Exercise: Provide only the number of lines in the records where "foto" appears.
--- Material provided Enclosed Below ---
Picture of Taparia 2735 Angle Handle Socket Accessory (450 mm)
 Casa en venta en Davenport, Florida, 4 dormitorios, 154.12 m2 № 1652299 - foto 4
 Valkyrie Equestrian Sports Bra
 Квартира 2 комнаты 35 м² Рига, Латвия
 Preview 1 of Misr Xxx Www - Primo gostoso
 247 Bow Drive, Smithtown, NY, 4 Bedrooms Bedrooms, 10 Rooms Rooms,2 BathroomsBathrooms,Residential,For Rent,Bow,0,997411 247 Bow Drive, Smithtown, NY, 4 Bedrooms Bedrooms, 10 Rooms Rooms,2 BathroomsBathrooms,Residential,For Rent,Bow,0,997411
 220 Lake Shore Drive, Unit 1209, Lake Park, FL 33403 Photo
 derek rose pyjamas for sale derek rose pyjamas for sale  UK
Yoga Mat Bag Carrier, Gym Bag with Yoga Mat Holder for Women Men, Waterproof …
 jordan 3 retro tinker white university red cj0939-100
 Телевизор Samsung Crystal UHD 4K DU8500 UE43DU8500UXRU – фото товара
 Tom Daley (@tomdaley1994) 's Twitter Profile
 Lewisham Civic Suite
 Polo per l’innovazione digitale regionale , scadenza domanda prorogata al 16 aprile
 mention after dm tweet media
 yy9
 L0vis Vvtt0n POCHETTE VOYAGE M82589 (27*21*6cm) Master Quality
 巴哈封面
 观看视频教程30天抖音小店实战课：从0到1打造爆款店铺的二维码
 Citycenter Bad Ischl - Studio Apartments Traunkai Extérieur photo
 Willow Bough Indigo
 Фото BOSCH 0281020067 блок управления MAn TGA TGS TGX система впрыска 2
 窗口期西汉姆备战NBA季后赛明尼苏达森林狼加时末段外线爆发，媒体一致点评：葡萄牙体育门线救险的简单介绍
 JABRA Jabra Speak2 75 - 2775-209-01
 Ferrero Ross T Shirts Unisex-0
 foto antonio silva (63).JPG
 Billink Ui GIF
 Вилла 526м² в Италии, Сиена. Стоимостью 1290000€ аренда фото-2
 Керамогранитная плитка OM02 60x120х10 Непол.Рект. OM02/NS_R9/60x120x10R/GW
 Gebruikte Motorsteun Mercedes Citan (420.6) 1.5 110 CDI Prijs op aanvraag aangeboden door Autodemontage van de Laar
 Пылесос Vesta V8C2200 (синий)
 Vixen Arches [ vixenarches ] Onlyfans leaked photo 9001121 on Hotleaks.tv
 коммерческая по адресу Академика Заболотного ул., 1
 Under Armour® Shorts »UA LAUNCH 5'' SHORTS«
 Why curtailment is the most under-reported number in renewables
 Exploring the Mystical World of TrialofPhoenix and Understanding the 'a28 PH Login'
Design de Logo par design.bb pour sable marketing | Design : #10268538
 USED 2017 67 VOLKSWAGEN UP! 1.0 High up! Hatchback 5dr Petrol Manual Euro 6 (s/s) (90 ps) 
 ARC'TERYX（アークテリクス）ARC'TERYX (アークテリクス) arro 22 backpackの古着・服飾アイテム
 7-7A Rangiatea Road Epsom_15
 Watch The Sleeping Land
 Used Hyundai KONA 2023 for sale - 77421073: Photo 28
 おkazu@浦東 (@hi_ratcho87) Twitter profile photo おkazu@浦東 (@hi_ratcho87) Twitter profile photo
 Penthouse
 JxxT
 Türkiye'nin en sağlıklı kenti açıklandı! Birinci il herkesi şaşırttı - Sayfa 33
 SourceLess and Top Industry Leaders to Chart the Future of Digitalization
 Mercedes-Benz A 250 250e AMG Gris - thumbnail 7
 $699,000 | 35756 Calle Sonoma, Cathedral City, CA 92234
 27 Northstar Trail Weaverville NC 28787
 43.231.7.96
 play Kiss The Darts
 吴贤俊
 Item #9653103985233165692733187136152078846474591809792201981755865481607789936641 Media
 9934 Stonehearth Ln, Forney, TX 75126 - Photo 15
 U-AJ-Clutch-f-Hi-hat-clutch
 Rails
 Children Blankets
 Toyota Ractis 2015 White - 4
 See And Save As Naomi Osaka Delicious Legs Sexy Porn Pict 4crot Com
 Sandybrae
--- End of Enclosed Material provided ---
Output for this task: 2